Patrice Canayer, porté en triomphe par ses joueurs, a remporté dimanche sa seconde Ligue des champions avec Montpellier. / THILO SCHMUELGEN / REUTERS

Avec trois clubs hexagonaux qualifiés pour le « Final Four » (les demi-finales) de la Ligue des champions de handball, il y avait de fortes chances que la France compte un nouveau club champion d’Europe. Pourtant, au sortir de la finale, il n’y a toujours qu’une seule équipe de l’Hexagone à avoir soulevé le trophée européen.

Quinze ans après sa victoire contre le Pampelune de Jackson Richardson, le Montpellier Handball – où joue Melvyn Richardson, le fils de l’ancienne gloire des Bleus – a remporté sa seconde Coupe d’Europe, dimanche 27 mai, en prenant le dessus sur Nantes en finale (32-26). Battu par les Nantais en demi-finale samedi, le Paris Saint-Germain complète le podium 100 % tricolore après sa victoire contre le Vardar Skopje en petite finale (29-28).
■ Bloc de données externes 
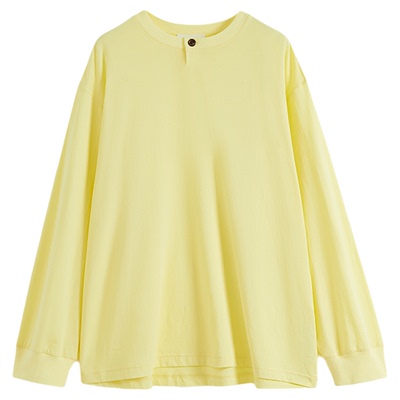 ShortSentencr半开襟宽松T恤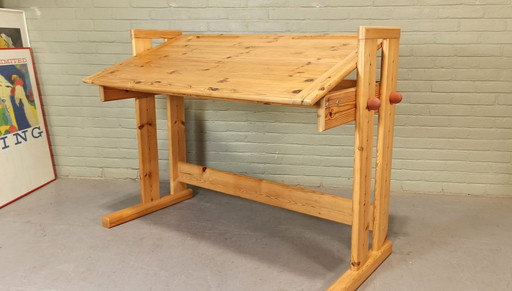 Vintage Kiefer Kipptisch / Zeichentisch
A jamais les premiers, les Montpelliérains du capitaine Michaël Guigou, déjà présent en 2003, ont conclu en beauté un parcours européen les ayant vus s’extirper des poules basses, puis éliminer successivement Barcelone, Flensburg et le tenant du titre macédonien. Un titre, après lequel la constellation d’étoiles du PSG court depuis sa reprise par le Qatar, qui récompense l’architecte de l’équipe, Patrice Canayer.

Depuis vingt-trois ans, le nom de Canayer est indissociable de la cité héraultaise. « C’est le rouage essentiel du système Montpellier depuis plus de vingt ans », salue l’ancien international français Guillaume Gille. Et l’actuel entraîneur adjoint de l’équipe de France de relever qu’il est « de plus en plus rare de voir quelqu’un avoir autant de responsabilités dans un système aussi professionnel. » Car à Montpellier, l’ancien joueur de première division de handball fait tout. A la fois entraîneur et manageur général de l’équipe, le Nîmois de naissance a d’abord construit le club qui a dominé le handball français dans les années 2000 (14 titres de champions jusqu’en 2012). Puis, après le départ de nombreuses stars – à commencer par les frères Karabatic – sur fond de l’affaire des paris truqués, Patrice Canayer n’a pas quitté le navire, et, après avoir écopé tant et mieux, a ramené son club des bords du gouffre jusqu’au toit de l’Europe.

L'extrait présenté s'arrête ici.